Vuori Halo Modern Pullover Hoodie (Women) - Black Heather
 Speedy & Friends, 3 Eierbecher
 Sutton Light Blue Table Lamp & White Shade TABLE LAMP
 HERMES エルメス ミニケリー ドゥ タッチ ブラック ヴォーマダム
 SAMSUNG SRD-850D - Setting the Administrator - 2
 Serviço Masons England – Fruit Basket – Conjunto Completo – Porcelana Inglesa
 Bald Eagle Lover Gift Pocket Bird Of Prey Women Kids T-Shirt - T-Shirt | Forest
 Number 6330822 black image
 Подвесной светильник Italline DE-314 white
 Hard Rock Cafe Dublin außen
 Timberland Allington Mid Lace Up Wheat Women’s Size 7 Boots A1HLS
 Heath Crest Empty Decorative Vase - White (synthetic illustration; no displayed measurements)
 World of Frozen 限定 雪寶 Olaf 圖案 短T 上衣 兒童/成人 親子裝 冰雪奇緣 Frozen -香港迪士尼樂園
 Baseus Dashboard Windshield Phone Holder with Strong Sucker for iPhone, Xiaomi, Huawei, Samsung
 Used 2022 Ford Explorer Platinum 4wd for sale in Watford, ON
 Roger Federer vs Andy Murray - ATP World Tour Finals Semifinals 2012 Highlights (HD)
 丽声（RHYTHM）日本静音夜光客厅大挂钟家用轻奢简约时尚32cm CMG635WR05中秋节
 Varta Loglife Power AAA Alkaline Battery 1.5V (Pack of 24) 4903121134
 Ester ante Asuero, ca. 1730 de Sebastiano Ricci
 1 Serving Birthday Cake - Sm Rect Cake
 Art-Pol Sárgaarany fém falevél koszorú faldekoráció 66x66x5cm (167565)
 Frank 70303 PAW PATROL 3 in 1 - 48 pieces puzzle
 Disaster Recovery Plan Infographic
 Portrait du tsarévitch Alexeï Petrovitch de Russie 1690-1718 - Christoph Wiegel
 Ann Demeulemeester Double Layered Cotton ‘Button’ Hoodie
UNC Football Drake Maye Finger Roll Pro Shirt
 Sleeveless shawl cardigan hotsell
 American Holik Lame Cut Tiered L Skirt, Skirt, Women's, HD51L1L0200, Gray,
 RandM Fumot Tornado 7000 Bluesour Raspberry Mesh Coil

• Assigned task
Copy every line in the entries above that has the string "Hoodie" in it.

• Written answer
Vuori Halo Modern Pullover Hoodie (Women) - Black Heather
 Ann Demeulemeester Double Layered Cotton ‘Button’ Hoodie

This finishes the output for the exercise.